The Court then applied the preceding principles to the defendant's case before it and determined that because the state courts had failed to apply Strickland properly, it could both grant relief under 28 U.S.C. ' 2254 and provide an appropriate remedy. The Court decided that it was inappropriate for the district court to have ordered specific performance of the plea agreement and instead held that
[t]he correct remedy in these circumstances . . . is to order the State to reoffer the plea agreement. Presuming respondent accepts the offer, the state trial court can then exercise its discretion in determining whether to vacate the convictions and resentence respondent pursuant to the plea agreement, to vacate only some of the convictions and resentence respondent accordingly, or to leave the convictions and sentence from trial undisturbed.
Id. at *12.
In dissenting opinions in both cases, Justice Scalia, joined by other members of the conservative wing of the Court, called the decisions "absurd" and contended that they provided "a remedy unheard of in American jurisprudence." Id. at *13, *18 (Scalia, J., dissenting). Justice Scalia asserted that
the court's squeamishness in fashioning a remedy, and the incoherence of what it comes up with, is attributable to its realization, deep down, that there is no real constitutional violation here anyway. The defendant has been fairly tried, lawfully convicted and properly sentenced, and any "remedy" provided for this will do nothing but undo the just results of a fair adversarial process.

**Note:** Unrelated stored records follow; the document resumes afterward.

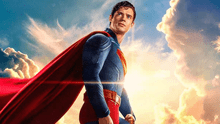 ¿Dónde ver todas las películas y series de Superman en streaming?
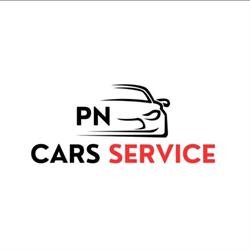 PN Cars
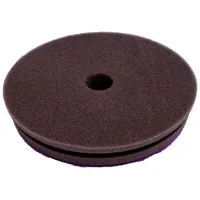 Disc de șlefuit Koch Chemie 999584 acoperiri de vopsea photo 2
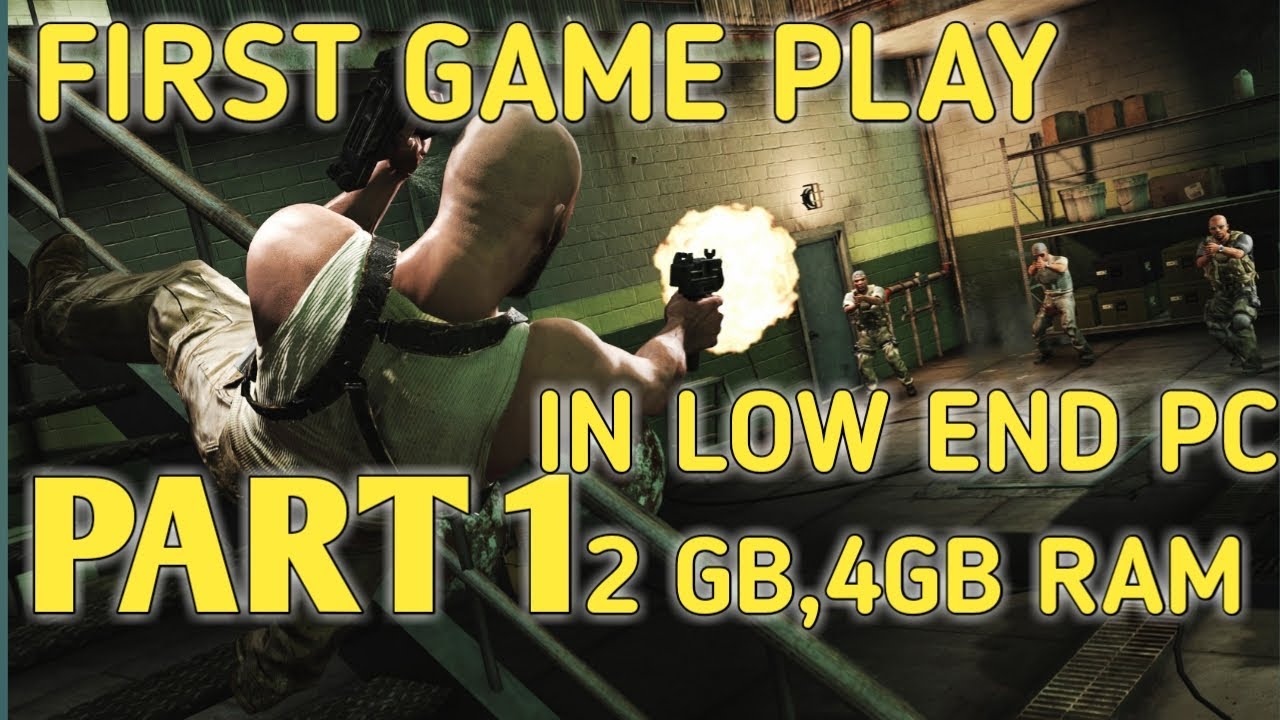 Max Payne 3 Gameplay Walkthrough Part 1 In 4 GB Ram In Hindi Latest Video 2020 YouTube max-payne-3-gameplay-walkthrough-part-1-in-4-gb-ram-in-hindi-latest-video-2020-youtube
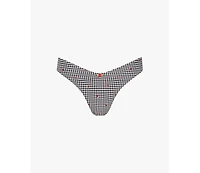 WeWoreWhat Women's Delilah Bottom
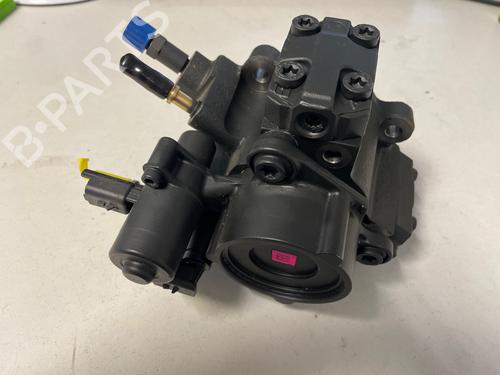 Injection pump PEUGEOT BOXER Van 2.2 HDi 150 | BP39479482M78 - Image 3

Id. at *18.Justice Scalia's parting shot at the decisions, made from the bench at the time of their announcement, summarized the net effect of the cases, as he said with regard to the consequences of the decisions: "'[T]he court leaves all of this to be worked out in further litigation, which you can be sure there will be plenty of.'" Liptak, supra (quoting Scalia, J.). On this point, observers of the Court are in full agreement, as the full import of Frye and Lafler will undoubtedly be the subject of countless court cases.